> [Work instructions]
Starting at the first line of the listing below, repeat each line exactly until the line containing "Mid-century German tapestry", which you include. Leave out pictures.

(Exercise materials begins)

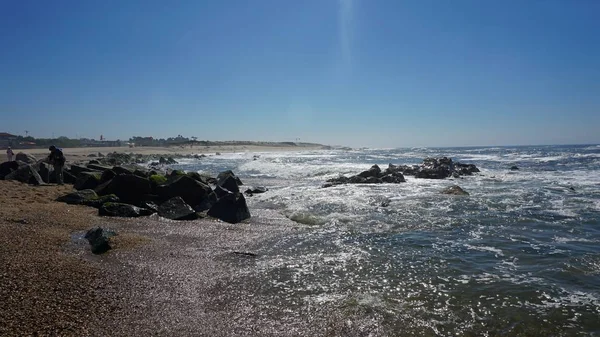 Strand Von Sao Felix Marinha Herbst — Stockfoto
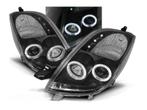 Angel Eyes koplampen Black geschikt voor Toyota Yaris, Verzenden, Nieuw, Toyota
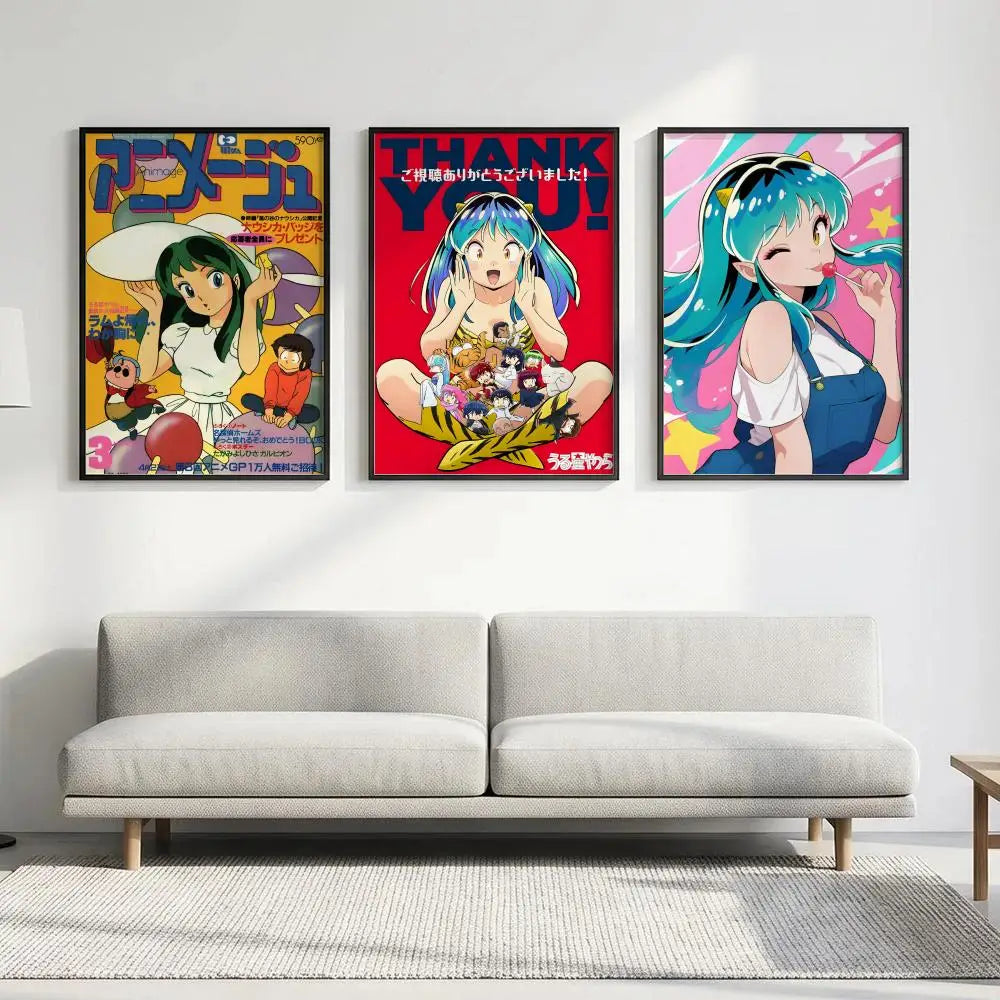 Urusei Yatsura Anime Poster – HD Waterproof Wall Art Decor Anime Wall Poster Axl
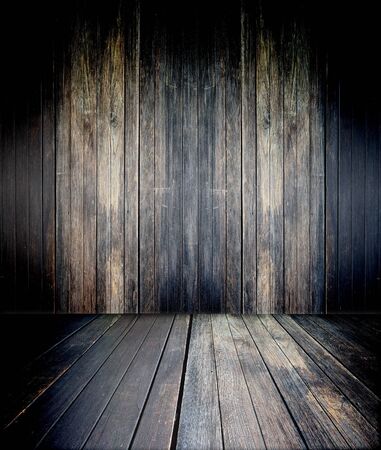 abstract the old wood floor for backgroundの写真素材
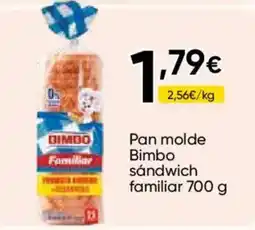 Cash FROIZ Dimbo pan molde sandwich familiar oferta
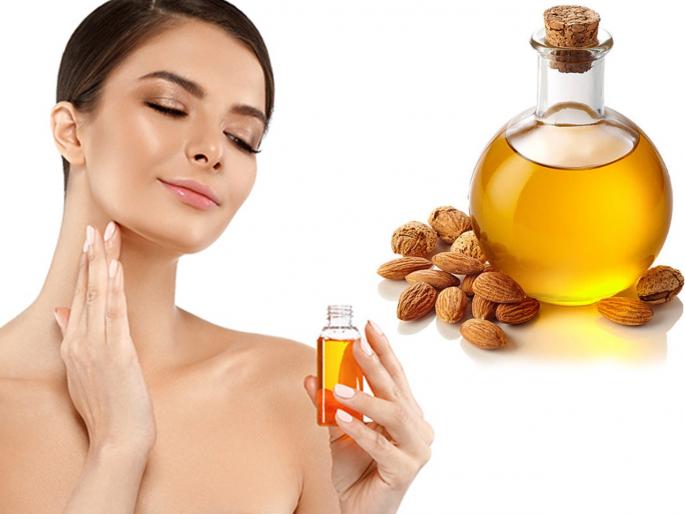 How prevent from skin problems and remove dark circles by using almond oil Myb | डार्क सर्कल्स त्वचेचा लूक बिघडवत असतील, तर बादामाचं तेल वापरून चेहरा होईल आकर्षक! How prevent from skin problems and remove dark circles by using almond oil Myb | डार्क सर्कल्स त्वचेचा लूक बिघडवत असतील, तर बादामाचं तेल वापरून चेहरा होईल आकर्षक!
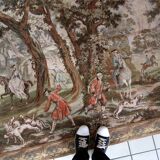 Mid-century German tapestry wall hanging 156cm x 214cm, 1950s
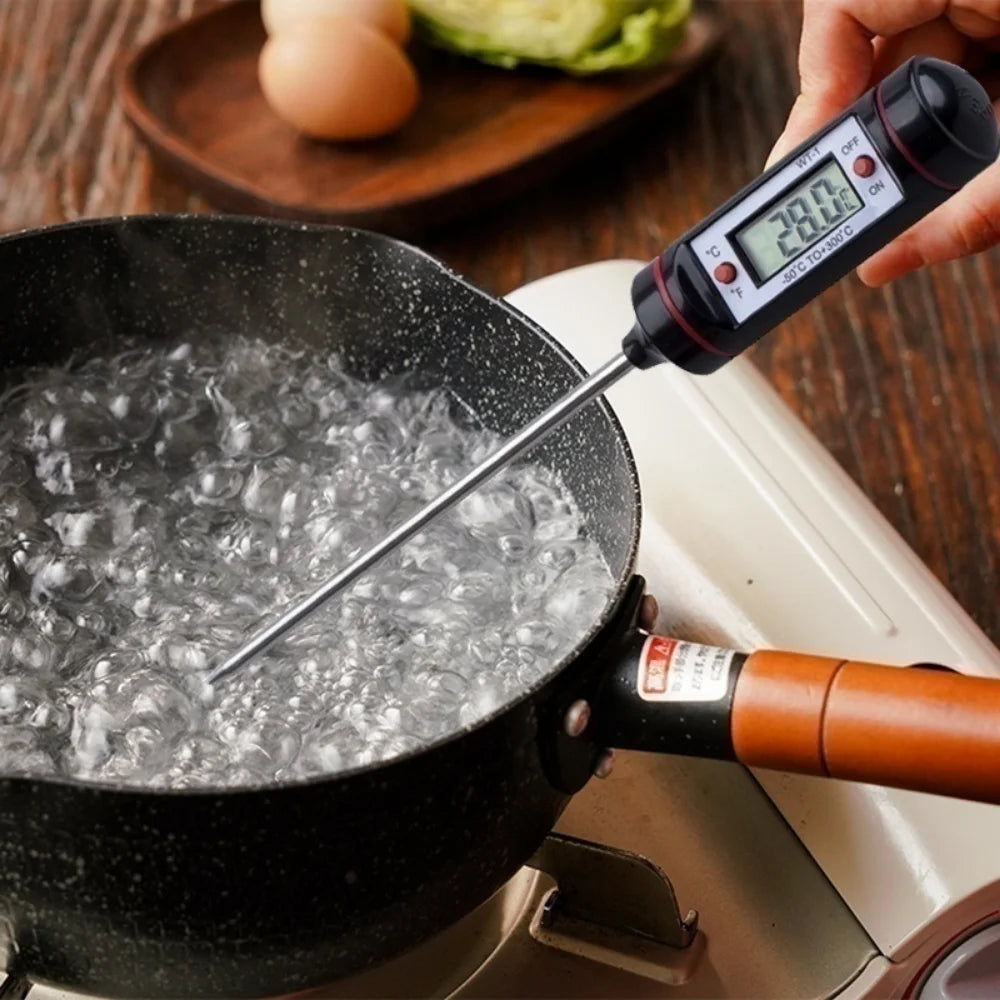 Digital Meat Thermometer Cooking Food Kitchen Probe Water Milk Oil Liquid Oven Digital Temperature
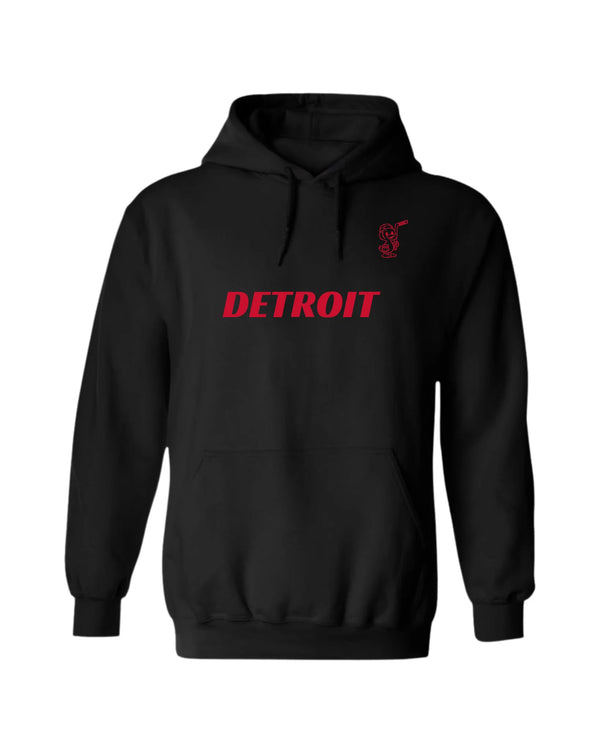 Gildan Hoodie-Black Front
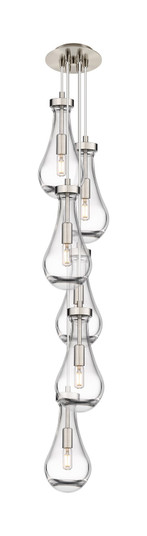 Downtown Urban Six Light Pendant in Brushed Satin Nickel (405|106-451-1P-SN-G451-5CL)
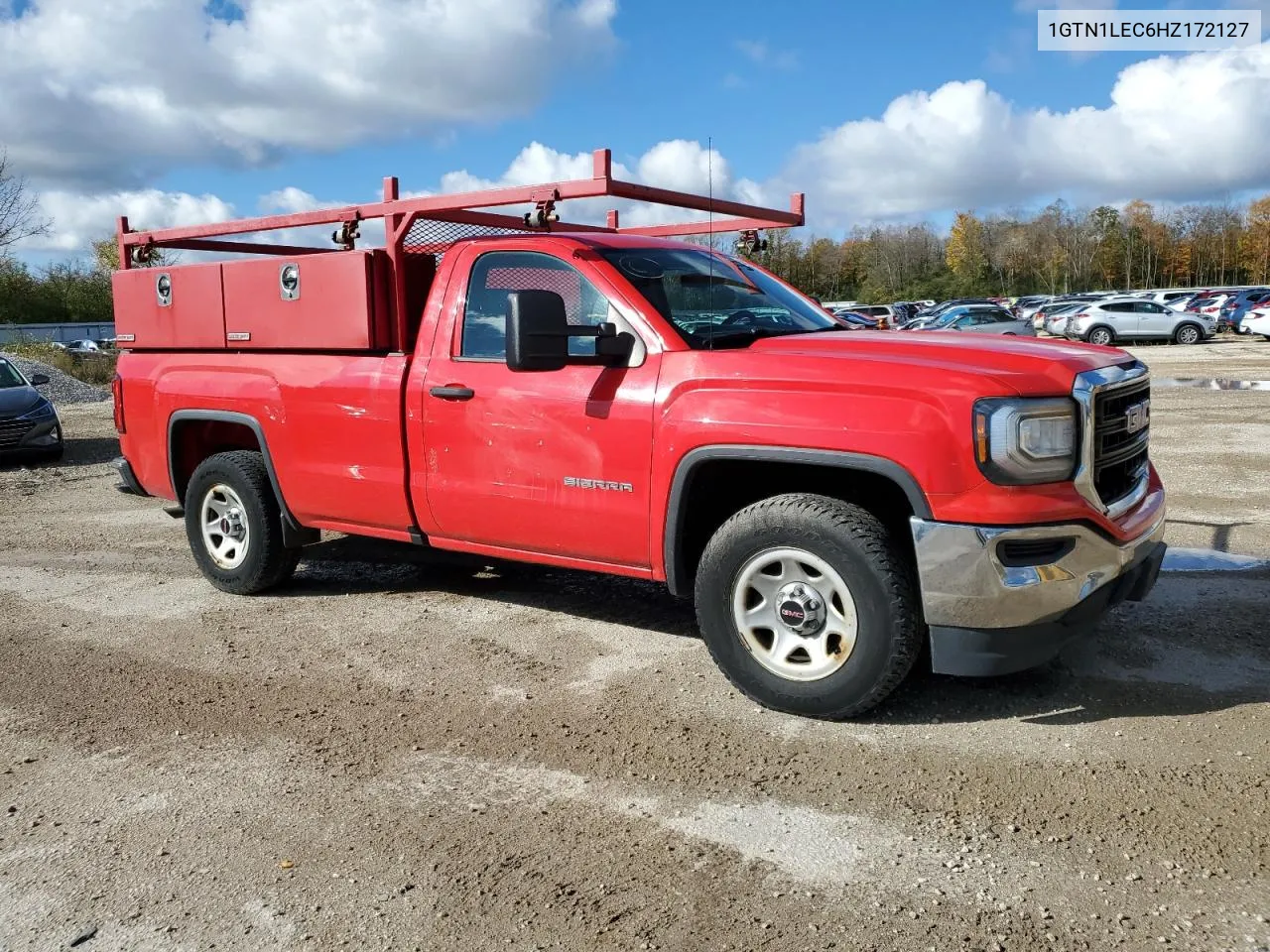 2017 GMC Sierra C1500 VIN: 1GTN1LEC6HZ172127 Lot: 73704844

(Exercise materials ends)

> [Response box]
 Strand Von Sao Felix Marinha Herbst — Stockfoto
 Angel Eyes koplampen Black geschikt voor Toyota Yaris, Verzenden, Nieuw, Toyota
 Urusei Yatsura Anime Poster – HD Waterproof Wall Art Decor Anime Wall Poster Axl
 abstract the old wood floor for backgroundの写真素材
 Cash FROIZ Dimbo pan molde sandwich familiar oferta
 How prevent from skin problems and remove dark circles by using almond oil Myb | डार्क सर्कल्स त्वचेचा लूक बिघडवत असतील, तर बादामाचं तेल वापरून चेहरा होईल आकर्षक! How prevent from skin problems and remove dark circles by using almond oil Myb | डार्क सर्कल्स त्वचेचा लूक बिघडवत असतील, तर बादामाचं तेल वापरून चेहरा होईल आकर्षक!
 Mid-century German tapestry wall hanging 156cm x 214cm, 1950s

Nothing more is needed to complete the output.